La “Repubblica” del mingrino

Non si può parlare male dei giornali, che non hanno buona salute. Ma di “Repubblica” si può, perché no, che si vuole partito. Di che non si sa, ma non c’è motivo per dolersene. Oppure sì, è il giornale del consumismo d’élite, si sa che i giornali devono caratterizzarsi, offrire un target alla pubblicità - dopo essere stato il giornale del compromesso storico, poi dei Democratici di Bettini e Veltroni, poi delle semplici professoresse. Ma non è questo il problema.
Il problema è di un giornale diretto dall’editore. E che giornale, un giornale-partito, il giornale del partito Democratico. Tanto democratico che l’editore, De Benedetti, dopo essersi impadronito delle quote di Scalfari, lo ha licenziato. Ha licenziato un direttore come Scalfari. Sostituendolo con uomini suoi. Il prologo dice già tutto, ma non è tutto.
L’editore De Benedetti, a suo tempo tessera n. 1 del Pd, vuole ora licenziare Renzi. E lo mette in guardia: “O…O” Ne ha diritto. Tanto più che lo esercita non sul suo giornale, ma sul “Corriere della sera”. Ma non ha buoni precedenti, lui stesso lo dice.

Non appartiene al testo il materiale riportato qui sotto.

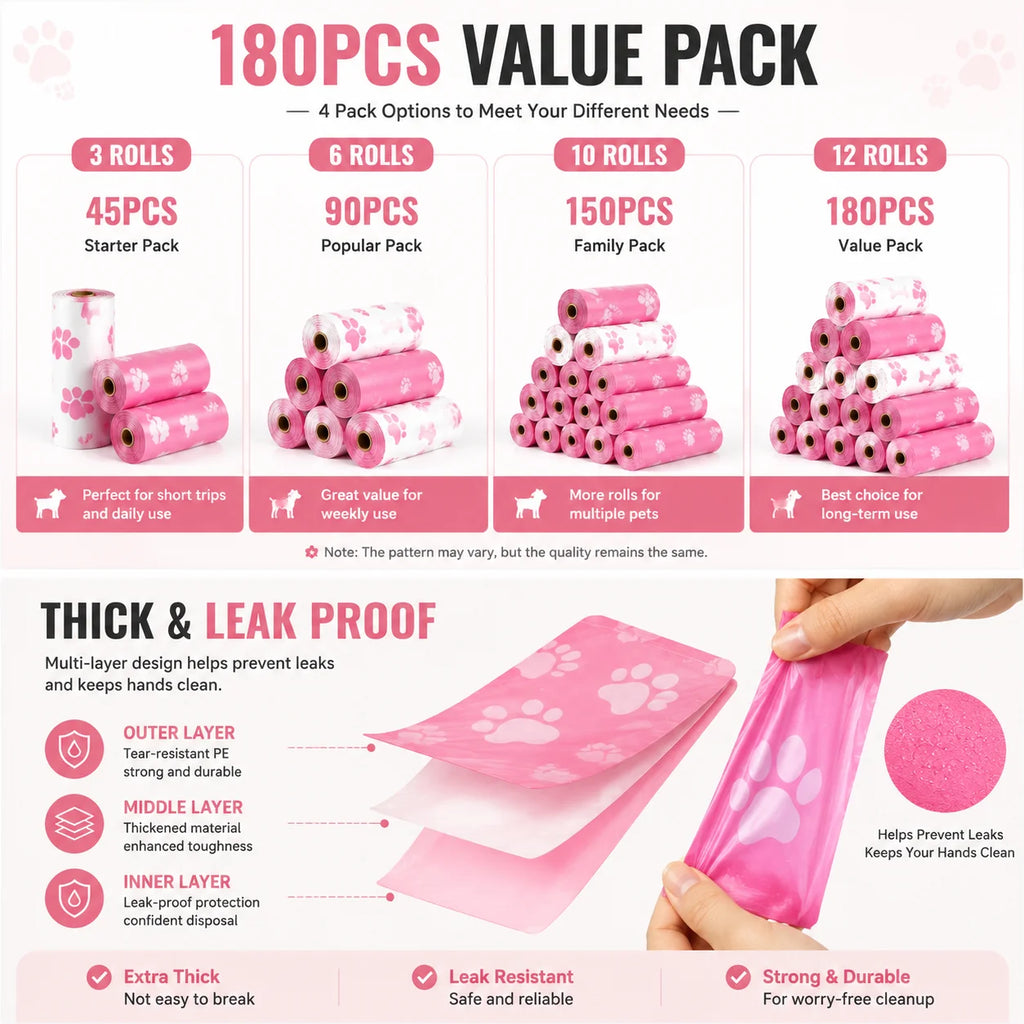 Dog Waste Bags (180pcs)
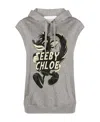 See By Chloé Sleeveless Drawstring-hoodie In Gray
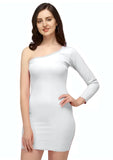 Trendy white solid polyester dress with one shoulder neckline by ZELZIS

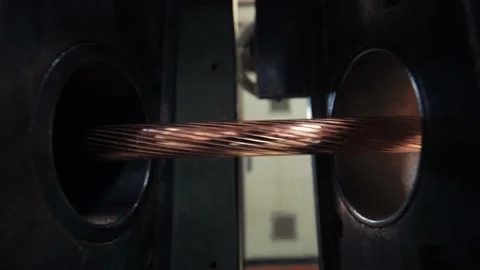 Cable Factory. Copper cable production process in a modern factory. Cable Video stock 204897333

Questo è il suo quarto intervento scritto, ammonisce: “Il primo lo scrissi sulla riunificazione tedesca: previdi che la Germania l’avrebbe fatta pagare agli altri europei, con l’austerity. Il secondo alla vigilia della guerra in Iraq, presagendo il disastro. Il terzo dopo la vittoria apparente degli americani, che in realtà apriva la strada al collasso del Medio Oriente e al terrorismo”. Il governo è finito.